C’è invece un baritono d’eccezione, Luca Salsi, che col suo profluvio di canto facile, duttile e smaltato potrebbe tirare giù il teatro a suon di gigionate, e accetta invece di lavorare unendo il viscerale al microscopico, ponendo il graffio della parola davanti al fulgore della vocalità e rinunciando agli acuti fuori ordinanza onde indagare il testo: lo aveva già fatto sotto la validissima direzione di Riccardo Frizza, al Maggio Musicale Fiorentino, in una recita a porte chiuse del 23 febbraio scorso, e a Venezia riesce addirittura a superare sé stesso. Claudia Pavone, come Gilda, è attrice non meno impegnata e musicista non meno depurata: le sue facoltà tecniche ben si riassumono nella nitida articolazione di un raro trillo autentico. Al Duca di Mantova corrisponde invece il consueto, solare, spavaldo patrimonio tenorile di Iván Ayón Rivas, tanto più messo a lustro dall’acribia di studio chiestagli e corrisposta.
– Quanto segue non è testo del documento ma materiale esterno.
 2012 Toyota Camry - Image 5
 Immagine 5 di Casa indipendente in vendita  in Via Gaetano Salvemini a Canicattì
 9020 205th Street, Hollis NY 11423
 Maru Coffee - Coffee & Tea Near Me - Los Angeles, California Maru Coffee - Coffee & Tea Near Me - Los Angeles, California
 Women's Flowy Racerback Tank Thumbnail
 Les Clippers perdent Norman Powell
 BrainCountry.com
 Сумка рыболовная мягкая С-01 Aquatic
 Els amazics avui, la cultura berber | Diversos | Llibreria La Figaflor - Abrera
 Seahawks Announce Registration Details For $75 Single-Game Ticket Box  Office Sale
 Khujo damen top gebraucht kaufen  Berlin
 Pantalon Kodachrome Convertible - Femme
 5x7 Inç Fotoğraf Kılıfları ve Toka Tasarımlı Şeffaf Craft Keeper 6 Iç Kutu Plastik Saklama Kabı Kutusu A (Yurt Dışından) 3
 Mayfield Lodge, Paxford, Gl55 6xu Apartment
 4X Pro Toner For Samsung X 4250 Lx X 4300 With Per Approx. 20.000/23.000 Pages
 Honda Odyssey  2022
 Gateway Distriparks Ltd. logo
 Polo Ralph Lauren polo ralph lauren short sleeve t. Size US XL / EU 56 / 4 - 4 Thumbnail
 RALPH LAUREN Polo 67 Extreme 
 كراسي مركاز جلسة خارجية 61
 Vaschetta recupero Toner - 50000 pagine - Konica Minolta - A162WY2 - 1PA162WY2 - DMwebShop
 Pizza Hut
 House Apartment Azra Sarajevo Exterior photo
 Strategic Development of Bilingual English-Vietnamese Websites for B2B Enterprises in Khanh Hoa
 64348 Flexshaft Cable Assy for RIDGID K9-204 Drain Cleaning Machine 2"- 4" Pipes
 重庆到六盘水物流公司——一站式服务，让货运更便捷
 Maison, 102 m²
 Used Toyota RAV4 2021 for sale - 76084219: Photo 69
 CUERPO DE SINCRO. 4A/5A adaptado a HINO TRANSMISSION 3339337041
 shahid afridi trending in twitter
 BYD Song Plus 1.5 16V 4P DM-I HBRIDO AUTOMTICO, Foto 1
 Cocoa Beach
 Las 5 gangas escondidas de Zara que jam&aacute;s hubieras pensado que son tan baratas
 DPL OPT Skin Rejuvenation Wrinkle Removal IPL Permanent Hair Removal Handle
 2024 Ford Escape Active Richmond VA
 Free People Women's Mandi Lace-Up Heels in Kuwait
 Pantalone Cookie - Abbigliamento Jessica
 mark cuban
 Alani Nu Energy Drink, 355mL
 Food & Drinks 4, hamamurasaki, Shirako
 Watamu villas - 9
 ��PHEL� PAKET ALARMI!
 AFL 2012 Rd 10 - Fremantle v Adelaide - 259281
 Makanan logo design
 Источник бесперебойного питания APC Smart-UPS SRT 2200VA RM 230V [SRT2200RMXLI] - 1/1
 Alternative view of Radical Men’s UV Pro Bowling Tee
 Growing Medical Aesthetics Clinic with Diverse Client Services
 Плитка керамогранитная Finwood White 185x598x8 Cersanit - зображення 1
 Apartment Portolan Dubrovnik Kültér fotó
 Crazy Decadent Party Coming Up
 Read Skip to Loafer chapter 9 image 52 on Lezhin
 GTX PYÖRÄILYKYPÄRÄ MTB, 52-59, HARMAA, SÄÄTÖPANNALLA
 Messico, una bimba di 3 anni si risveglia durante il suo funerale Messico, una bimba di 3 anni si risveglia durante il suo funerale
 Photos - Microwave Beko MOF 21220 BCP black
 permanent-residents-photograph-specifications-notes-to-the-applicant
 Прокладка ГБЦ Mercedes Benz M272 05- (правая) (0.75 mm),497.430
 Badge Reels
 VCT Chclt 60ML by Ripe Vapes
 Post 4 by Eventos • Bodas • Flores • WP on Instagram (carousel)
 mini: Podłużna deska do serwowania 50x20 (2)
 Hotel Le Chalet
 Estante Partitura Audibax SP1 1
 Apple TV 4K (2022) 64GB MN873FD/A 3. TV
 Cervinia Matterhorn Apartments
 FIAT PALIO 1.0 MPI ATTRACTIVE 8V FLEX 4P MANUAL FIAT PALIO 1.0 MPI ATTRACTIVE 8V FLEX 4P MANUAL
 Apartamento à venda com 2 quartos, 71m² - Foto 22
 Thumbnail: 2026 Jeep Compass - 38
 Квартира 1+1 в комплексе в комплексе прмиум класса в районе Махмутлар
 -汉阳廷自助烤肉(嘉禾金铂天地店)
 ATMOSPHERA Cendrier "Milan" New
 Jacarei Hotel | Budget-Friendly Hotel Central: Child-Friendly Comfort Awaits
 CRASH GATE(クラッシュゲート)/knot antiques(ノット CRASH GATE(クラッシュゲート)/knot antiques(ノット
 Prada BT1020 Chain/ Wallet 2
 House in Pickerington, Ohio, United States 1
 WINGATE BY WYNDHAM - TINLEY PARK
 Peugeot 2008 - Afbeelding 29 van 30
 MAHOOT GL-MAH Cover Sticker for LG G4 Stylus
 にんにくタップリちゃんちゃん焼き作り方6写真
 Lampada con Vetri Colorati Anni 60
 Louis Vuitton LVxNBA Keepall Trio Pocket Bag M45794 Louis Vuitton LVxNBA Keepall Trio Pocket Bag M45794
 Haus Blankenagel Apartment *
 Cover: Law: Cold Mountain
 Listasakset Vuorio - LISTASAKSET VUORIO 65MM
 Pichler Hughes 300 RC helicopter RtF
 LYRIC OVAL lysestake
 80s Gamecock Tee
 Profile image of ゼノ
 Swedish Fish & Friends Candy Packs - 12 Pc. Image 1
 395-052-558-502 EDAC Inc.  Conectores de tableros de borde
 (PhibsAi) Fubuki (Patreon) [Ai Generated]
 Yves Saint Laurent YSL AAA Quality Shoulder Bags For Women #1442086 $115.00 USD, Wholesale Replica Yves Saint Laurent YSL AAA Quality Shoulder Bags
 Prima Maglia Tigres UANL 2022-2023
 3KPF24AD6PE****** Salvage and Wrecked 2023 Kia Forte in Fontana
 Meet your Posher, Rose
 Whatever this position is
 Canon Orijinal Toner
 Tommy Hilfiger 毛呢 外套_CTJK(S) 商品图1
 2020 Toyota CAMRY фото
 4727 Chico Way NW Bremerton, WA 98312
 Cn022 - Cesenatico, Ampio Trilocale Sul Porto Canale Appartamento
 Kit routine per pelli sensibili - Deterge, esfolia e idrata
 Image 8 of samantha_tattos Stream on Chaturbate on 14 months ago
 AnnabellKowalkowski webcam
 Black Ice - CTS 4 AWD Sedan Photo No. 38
Incisivi nella loro sorniona, maliziosa o autorevole sobrietà lo Sparafucile di Matteo Denti, la Maddalena di Valeria Girardello e il Conte di Monterone di Gianfranco Montresor; rifinito il comprimariato, dalla Giovanna di Carlotta Vichi al Marullo di Armando Gabba, al Matteo Borsa di Marcello Nardis, al Conte di Ceprano e alla relativa Contessa di Matteo Ferrara e Rosanna Lo Greco. Coro maschile della Fenice vivido come non mai, e orchestra slanciata a livello d’apoteosi.